Preventing communication

There are some technical topics I’m interested in. There are other people who are interested in them too. Now, how to connect to each other to discuss the topics?

This problem has been successfully solved long time ago with Usenet and NNTP. An established decentralized system providing discussion forums. Everybody could be happy with it and maybe enhance it over the time. Unfortunately, this is not how the world works.

Mailing lists became in fashion. It’s hard to understand the advantages of replacing a decentralized system where one could easily find, visit, join or leave a forum with a single key press by many centralized mailing list servers needed to be discovered, with all the different forms of (un)subscription requests, bounced e-mails and sending every message to all the subscribers unnecessarily. But we know, fashionable often doesn’t mean excellent. At least, there was still a workaround: Running an NNTP gateway, as especially the very nice people behind Gmane demonstrated.

Then the web prevailed. Everything had to be on the Web. One could start a news site, attach a comment system to it and provide an RSS/Atom feed for it. That already complicated the communication and started making it mostly one-way. It was already known how to deal with such things and thus Gwene appeared one day. Not a perfect workaround anymore, but still usable.

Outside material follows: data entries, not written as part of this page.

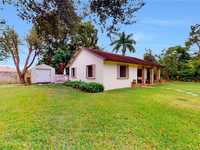 House 1374961458
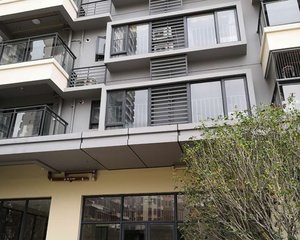 三房一卫户型中间楼层诚心出售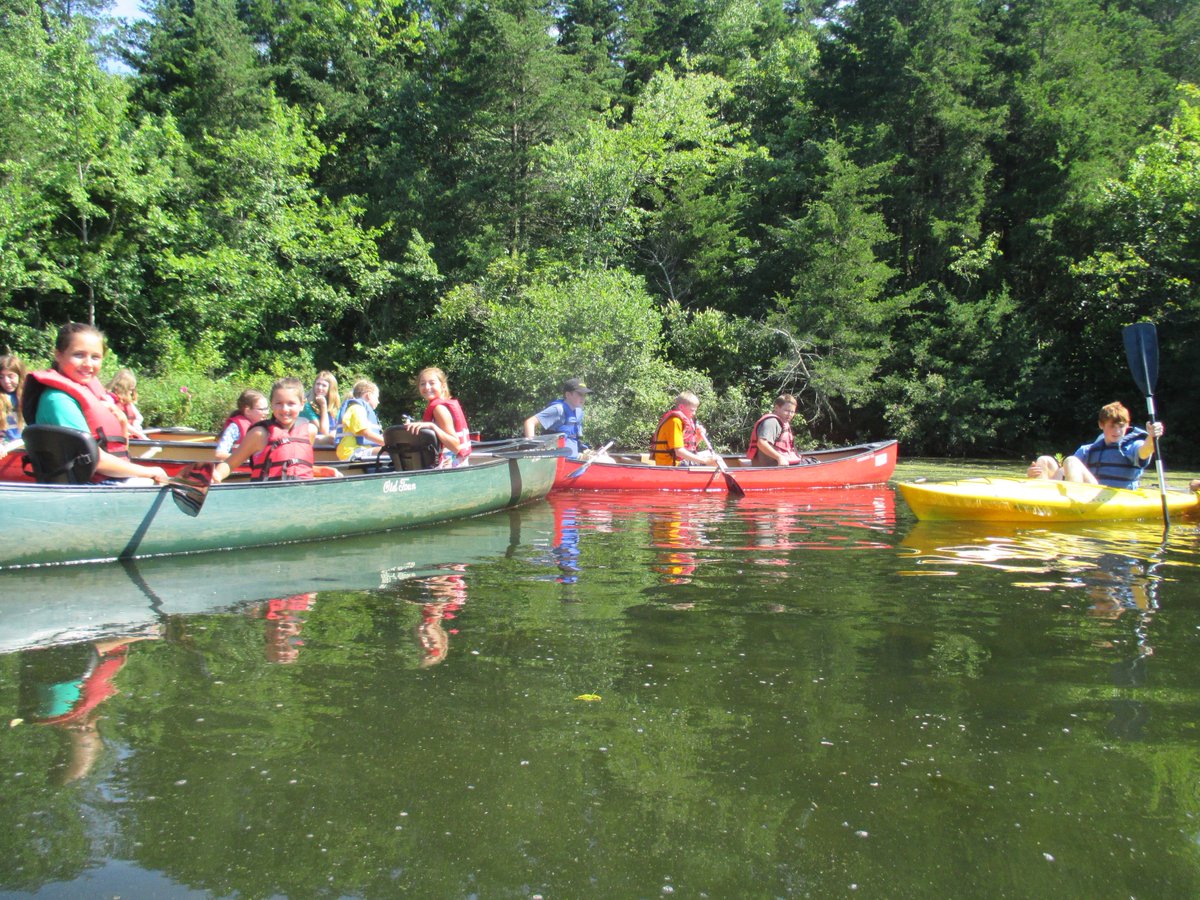 trinityyouthmh's tweet photo. Bible devo time in the boats! #vbstogo2016 #parvinstatepark https://t.co/H7ZQQRhf5S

And then almost everything moved to numerous web discussion forums, mostly centralized, proprietary and without any good ubiquitous access. It was no longer possible to participate in many technical discussions easily and efficiently. Even in cases when a project uses an open system like Discourse under its own control. Such systems may typically provide good moderation and archival facilities but poor means to watch and participate in discussions continuously. Be ready to create numerous accounts, to write your messages using web forms and to poll many sites for new contents. Even if e-mail notifications are provided, they are typically poorly formatted, hard to read and even harder to follow due to lack of threading. There are still brave people trying to deal with this, see for example the Emacs interface to Discourse, but I’m afraid it’s a lost battle. I stopped following Discourse forums, which didn’t have great experience anyway, when the Emacs interface stopped working due to some broken Ruby gem. I have many more important things to do than trying to get this fixed.

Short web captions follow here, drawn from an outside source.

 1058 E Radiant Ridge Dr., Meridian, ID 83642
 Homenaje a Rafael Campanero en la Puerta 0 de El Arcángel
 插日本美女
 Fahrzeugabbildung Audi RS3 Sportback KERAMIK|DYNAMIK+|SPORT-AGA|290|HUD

I thought I may be just a poor boomer who still uses stone age tools like e-mail (this is what my kids think about me). So I asked several my colleagues how they follow all the web forums. I always got the same answer: “I don’t.”

What progress did we made while shifting from NNTP to modern web forums? On the positive side, there is a huge amount of reasonably searchable and structured information readily available on the web. On the negative side, it’s difficult to get involved in technical discussions. Sure, many people participate less or more happily, but I think the trend is overall deterring. I personally regret being detached from the communities not only due to lack of time but also due to all those technical and organizational obstacles. I discover what’s happening with the OS I use only when a new version is released; or when learning a new programming language, I can read books and manuals, follow weekly newsletters, search for information, but not to watch and share what other beginners are struggling with.

There is obviously no way back and I also cannot see any move towards anything better. There is little chance that fashion and the governance of proprietary services will bring us new great communication improvements. We look for more information and we talk less to each other. Not yet everywhere but in more and more places. What good ways do we have to adjust to this reality?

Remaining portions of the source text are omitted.